In response to a request for comment, Sullivan’s press secretary Mike Anderson said, “Sullivan supports finding a solution for DACA recipients – but prefers that Congress create the solution rather than through executive action or judicial review.”
In a February 2018 statement, Sullivan expressed support for the Secure and Succeed Act, which would have provided a path to citizenship for DACA recipients but also included strengthening security at the southern border.
“I am committed to establishing strong immigration policies that strengthen the economy, protect American workers, and bolster border security,” Sullivan’s statement said. “While also exhibiting a level of compassion that is woven into the fabric of our nation.”

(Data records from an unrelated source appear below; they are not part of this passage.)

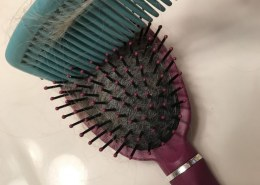 Yooz a comb to get hair out of a brush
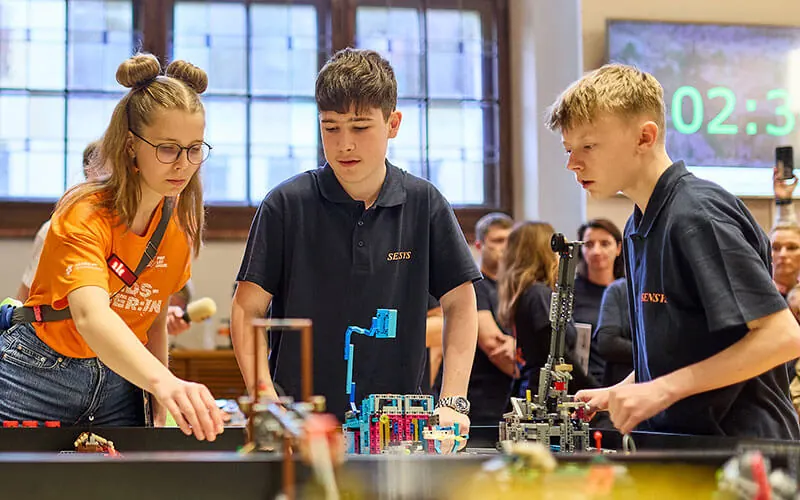 Team members speaking with a coach at the competition table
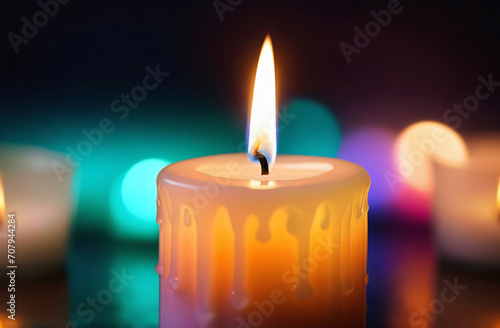 A lit candle with a blurred background of candles in the background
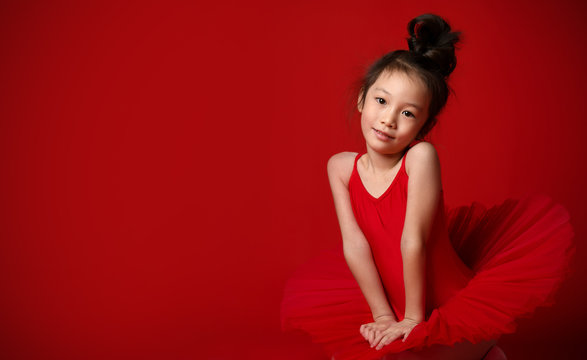 Cute little girl ballerina in beautiful dress is dancing on red 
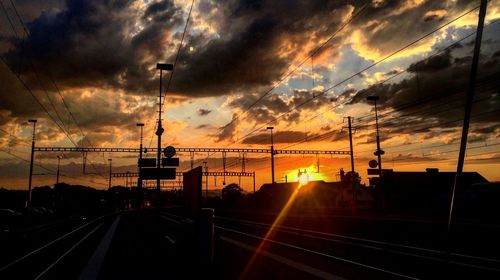 Railroad track against cloudy sky at sunset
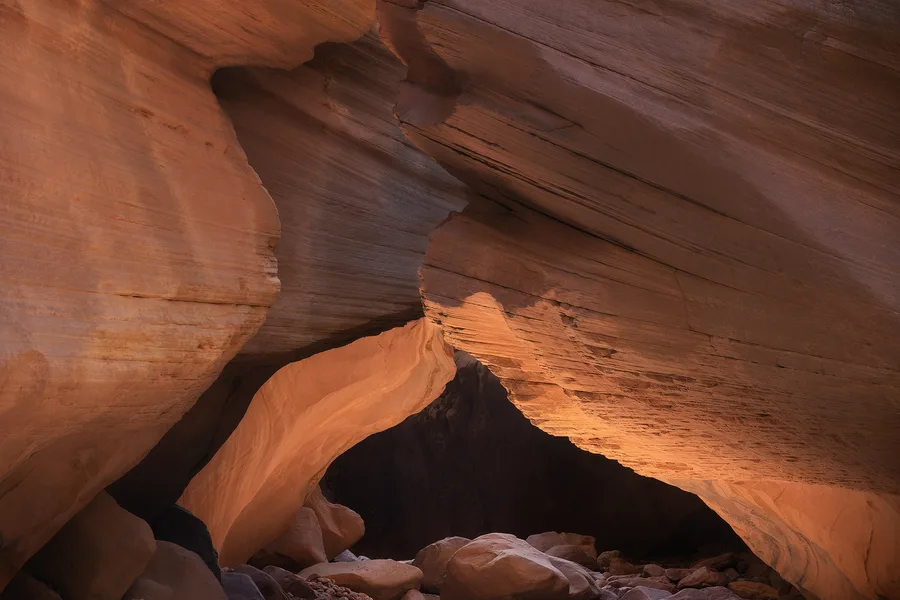 Low arch of warm sandstone inside a shadowed slot canyon.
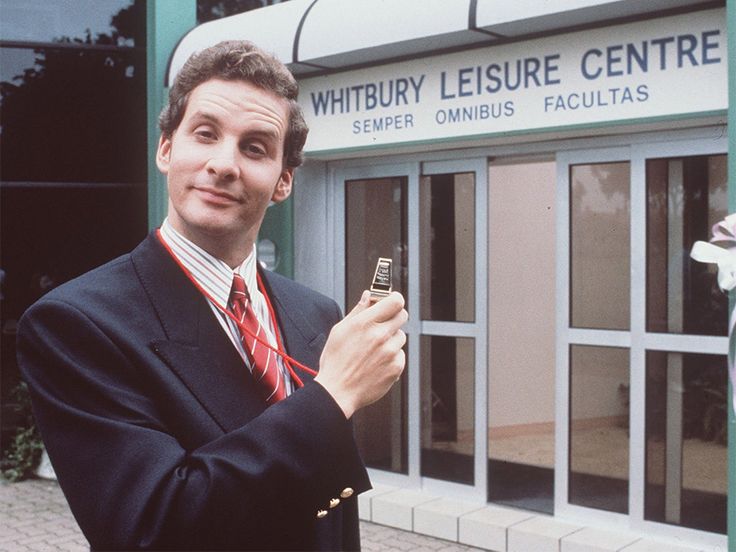 a man in a suit and tie holding a cell phone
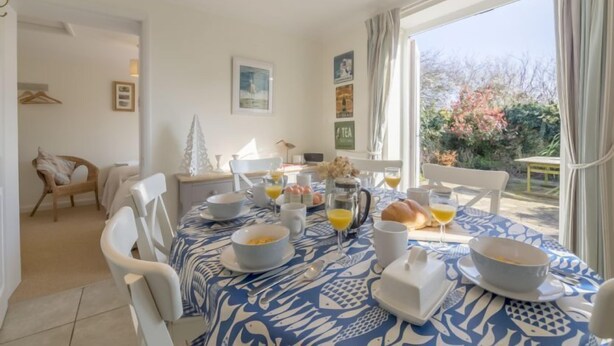 Een ontbijttafel gedekt met kommen, borden en glazen, met uitzicht op groen buiten.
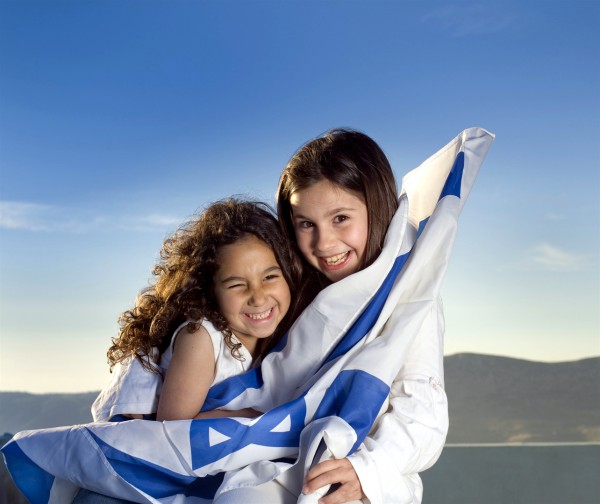 Two Israeli girls hold the Israeli flag.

The office of Alaska’s only House Representative, Don Young, did not respond to a request for comment but according to the congressman’s website, he supports some kind of resolution for DACA.
“Our country’s current immigration system needs to be updated to meet the growing border security challenges which is why I believe legislative action must be taken,” Young said in a statement following the failure of two House resolutions in 2018.

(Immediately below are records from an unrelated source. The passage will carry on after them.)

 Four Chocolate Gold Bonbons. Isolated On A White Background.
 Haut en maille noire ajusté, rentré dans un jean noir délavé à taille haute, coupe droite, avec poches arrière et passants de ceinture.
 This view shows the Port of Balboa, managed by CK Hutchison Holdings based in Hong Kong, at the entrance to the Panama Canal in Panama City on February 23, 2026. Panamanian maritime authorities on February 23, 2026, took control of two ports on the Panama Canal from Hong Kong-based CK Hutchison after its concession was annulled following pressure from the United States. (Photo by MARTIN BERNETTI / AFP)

The DACA program was initiated in 2012 and allowed for immigrants who arrived in the U.S. as children to receive protection from deportation and the legal ability to work. The program does not, however, provide recipients with a path to citizenship.
The Trump Administration has sought to end DACA, though President Donald Trump has praised the goals of the program itself.
“I do not favor punishing children, most of whom are now adults, for the actions of their parents,” Trump said in a 2017 statement calling for an end to the program. “But we must also recognize that we are nation of opportunity because we are a nation of laws.”
Trump accused the program of spurring a humanitarian crisis of a wave of unaccompanied minors from Central America to the U.S. many of whom, the president said, would go on to join violent gangs.
The Obama administration created the program using an executive order, something which his critics say undermines Congress’ role as lawmaker and the separation of powers.
On Monday, the Supreme Court heard the first round of oral arguments whether the Trump administration had legal grounds to end the program.
The New York Times reported Monday the Supreme Court’s conservative majority “appeared ready to side with the Trump administration.”
According to U.S. Citizenship and Immigration Services, 280 DACA applications have been approved in Alaska between 2012 and June 30, 2019, including renewals. DACA protections are good for two years. Under current regulations certain recipients and retain their protected status until 2021.
Immigrants eligible for DACA must have been brought to the U.S. at age 16 or younger. Over 50 percent of all DACA recipients live in Texas and California, according to federal data.